The school year has kicked into full gear! I teach middle school Bible and English (Language Arts), 9-10 grade English/Literature, and 11-12 grade SAT Prep. I have wonderful class sizes: 12 students in two classes and 5 students in the other two classes. I love teaching these subjects! Sixth, seventh, and eighth graders take the middle school courses together. While I can usually teach them the same material, I do have to work with different grammar books for each grade level and create slightly different assignments for each grade level. It keeps me on my toes! I’ve thoroughly enjoyed seeing the students’ personalities come out as we’ve spent time together. They’re creative thinkers, encouraging me to build a peanut butter factory so I’ll have my obsession at my fingertips for the rest of my life. J

Over and over, I’ve noticed that people here in Pucallpa have a real understanding of community. Here at the school, I’ve already noticed that the community environment makes teaching here natural and meaningful. The students know each other well from being in a community of missionaries together. They bring to class the context of living out mission work as families in a community. We have a wonderful context (living out mission daily) for discussion. On a more comical note, literally living in a community with these people makes life different as well. I joke with students about how they know where I live and I know where to find them since I live on the central SAM base with some of the families. The best part: living next to our students means we sometimes find homemade bread or other treats in our kitchen for us. Yum! Community really is wonderful. J

worship at the camp reunion

I’ve continued helping out at Misión TEC with the Awana club for kids every Tuesday, and I’ve been able to connect with staff from TEC and the church in that community. When our team from Zion Church helped here at TEC a few weeks ago, we experienced “campamento” (camp). This past weekend, TEC invited the youth from camp back for a reunion. We played games, worshipped, looked at pictures, and Max shared a short message with them. I feel so grateful I am here to experience this.

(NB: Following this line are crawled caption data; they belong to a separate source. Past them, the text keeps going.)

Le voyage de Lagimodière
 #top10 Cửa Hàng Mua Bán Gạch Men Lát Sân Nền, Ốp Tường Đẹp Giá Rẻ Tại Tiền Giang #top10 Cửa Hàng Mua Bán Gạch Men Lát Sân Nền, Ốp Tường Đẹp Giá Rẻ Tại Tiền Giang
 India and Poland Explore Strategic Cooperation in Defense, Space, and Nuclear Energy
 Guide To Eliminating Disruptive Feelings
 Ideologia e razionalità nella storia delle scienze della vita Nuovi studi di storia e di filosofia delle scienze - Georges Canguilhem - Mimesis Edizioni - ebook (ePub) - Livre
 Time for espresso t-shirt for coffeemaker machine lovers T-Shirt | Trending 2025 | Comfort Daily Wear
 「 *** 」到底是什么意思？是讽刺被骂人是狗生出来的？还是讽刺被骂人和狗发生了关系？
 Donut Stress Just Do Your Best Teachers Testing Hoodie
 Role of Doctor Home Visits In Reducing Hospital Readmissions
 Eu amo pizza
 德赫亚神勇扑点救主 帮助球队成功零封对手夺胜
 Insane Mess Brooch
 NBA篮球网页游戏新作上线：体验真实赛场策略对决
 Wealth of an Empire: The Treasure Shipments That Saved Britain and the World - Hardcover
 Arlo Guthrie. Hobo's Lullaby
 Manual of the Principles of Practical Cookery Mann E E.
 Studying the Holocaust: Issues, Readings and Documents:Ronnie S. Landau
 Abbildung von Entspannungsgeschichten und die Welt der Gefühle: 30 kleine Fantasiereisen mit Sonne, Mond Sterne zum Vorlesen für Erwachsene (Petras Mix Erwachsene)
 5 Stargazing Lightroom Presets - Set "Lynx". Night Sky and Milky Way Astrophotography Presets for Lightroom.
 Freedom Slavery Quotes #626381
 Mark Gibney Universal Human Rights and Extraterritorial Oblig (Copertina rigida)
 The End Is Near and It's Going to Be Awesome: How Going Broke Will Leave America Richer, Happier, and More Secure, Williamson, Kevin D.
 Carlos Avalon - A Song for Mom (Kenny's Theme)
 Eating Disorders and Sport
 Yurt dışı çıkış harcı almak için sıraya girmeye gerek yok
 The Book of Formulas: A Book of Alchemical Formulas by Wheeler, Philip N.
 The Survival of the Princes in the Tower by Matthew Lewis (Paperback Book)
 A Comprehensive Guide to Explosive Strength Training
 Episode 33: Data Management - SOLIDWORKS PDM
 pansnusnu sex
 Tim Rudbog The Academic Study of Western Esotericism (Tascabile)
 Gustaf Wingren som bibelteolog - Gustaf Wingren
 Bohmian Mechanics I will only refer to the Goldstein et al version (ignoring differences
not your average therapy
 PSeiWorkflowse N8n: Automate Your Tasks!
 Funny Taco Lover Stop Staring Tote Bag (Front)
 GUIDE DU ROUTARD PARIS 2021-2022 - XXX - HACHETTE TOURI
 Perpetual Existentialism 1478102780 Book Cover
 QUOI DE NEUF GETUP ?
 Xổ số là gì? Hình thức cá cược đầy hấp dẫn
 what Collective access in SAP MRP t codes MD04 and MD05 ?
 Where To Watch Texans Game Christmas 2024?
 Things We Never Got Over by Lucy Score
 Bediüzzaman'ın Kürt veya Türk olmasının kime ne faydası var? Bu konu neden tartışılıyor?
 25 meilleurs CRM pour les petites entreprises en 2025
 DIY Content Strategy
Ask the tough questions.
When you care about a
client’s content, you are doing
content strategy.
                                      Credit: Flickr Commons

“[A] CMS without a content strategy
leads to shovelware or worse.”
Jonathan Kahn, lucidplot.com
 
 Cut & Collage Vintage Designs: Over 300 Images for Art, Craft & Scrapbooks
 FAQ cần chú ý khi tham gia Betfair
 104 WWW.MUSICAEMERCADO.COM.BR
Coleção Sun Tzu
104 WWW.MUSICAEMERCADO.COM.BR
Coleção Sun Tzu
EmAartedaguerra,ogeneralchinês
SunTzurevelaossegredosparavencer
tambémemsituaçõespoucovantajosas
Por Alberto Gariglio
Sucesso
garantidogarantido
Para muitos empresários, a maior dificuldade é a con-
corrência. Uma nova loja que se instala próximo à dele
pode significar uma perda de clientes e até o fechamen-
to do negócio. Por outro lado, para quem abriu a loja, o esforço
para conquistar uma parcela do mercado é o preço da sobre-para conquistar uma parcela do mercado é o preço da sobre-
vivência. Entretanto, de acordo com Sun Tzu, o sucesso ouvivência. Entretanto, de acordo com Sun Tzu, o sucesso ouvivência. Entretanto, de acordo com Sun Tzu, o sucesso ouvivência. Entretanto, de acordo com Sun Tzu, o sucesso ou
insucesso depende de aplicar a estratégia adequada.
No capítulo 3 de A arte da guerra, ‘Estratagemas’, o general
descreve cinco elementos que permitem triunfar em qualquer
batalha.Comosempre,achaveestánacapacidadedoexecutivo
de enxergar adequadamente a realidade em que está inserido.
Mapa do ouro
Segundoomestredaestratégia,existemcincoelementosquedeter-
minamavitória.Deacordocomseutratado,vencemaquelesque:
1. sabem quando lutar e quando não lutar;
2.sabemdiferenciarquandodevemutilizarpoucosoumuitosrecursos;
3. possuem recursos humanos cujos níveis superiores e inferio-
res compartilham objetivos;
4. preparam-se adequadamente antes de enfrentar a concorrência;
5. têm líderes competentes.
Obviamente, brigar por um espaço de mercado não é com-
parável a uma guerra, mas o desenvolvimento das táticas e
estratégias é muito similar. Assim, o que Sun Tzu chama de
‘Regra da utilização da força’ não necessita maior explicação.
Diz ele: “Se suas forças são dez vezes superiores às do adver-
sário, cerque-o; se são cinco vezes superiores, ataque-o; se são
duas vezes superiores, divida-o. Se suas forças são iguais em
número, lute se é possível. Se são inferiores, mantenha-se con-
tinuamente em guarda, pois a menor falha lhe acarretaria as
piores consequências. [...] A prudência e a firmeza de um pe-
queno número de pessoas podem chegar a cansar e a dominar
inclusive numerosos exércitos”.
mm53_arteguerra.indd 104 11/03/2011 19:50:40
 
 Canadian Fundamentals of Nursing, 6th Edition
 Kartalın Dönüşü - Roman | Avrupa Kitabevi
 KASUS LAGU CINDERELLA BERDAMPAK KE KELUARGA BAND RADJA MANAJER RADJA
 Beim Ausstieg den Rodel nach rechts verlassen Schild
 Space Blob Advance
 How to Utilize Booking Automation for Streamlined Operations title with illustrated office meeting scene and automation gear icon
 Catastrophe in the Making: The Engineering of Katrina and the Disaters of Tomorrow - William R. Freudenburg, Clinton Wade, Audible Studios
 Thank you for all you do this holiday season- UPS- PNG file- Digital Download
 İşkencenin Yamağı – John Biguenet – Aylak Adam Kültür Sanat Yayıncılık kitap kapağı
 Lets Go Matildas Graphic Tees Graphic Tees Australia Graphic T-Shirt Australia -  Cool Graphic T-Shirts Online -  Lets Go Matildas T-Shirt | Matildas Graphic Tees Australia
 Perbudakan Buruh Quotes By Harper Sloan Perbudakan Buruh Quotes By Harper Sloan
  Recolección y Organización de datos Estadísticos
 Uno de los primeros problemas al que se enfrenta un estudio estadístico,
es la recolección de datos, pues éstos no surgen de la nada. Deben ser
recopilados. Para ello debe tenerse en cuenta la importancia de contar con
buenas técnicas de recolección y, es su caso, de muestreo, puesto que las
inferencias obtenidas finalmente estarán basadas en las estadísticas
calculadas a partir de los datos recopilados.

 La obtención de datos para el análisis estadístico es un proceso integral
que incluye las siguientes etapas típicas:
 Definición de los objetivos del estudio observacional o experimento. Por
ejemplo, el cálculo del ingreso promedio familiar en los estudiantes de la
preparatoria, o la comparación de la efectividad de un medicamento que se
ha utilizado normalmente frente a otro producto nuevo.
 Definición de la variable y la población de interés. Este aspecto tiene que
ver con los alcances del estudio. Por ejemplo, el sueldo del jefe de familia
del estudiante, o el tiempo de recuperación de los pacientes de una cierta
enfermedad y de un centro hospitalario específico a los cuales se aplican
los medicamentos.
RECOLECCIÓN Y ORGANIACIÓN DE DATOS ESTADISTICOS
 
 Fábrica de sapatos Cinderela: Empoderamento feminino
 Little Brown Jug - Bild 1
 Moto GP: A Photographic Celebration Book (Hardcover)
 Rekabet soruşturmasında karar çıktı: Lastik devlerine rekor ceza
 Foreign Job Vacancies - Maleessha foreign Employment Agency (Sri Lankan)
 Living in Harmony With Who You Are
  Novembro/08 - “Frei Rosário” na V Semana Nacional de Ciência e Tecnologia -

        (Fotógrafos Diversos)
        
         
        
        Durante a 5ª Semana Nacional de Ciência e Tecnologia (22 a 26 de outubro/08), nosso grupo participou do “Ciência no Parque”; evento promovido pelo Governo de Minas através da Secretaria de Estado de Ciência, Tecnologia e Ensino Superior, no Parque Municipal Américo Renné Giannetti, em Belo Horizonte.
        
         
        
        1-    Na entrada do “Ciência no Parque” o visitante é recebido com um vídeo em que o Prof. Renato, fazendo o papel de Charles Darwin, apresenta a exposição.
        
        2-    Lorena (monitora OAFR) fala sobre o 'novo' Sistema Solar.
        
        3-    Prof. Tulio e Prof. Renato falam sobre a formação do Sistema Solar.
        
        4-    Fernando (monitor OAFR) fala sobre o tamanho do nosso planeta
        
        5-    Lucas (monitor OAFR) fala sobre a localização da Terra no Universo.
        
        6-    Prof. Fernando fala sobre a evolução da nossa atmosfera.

Through this, I was reminded again of the fellowship any community can share. We six who came to TEC from Zion came as part of our church community to share in relationship from one community to another. My team members built relationships that carry significance not only for each person individually, but also on behalf of a community. The good relationships that my team members built have enabled me to plug in well to TEC. I feel truly grateful that my fellowship here is part of Zion church’s community fellowship, which is a part of fellowship in God’s kingdom. Relationship connects us as groups of people, and we invite others to share in the community as well. What a wonderful picture of how life will be someday in Heaven. This sharing in fellowship is a part of delighting in God in an eternal way.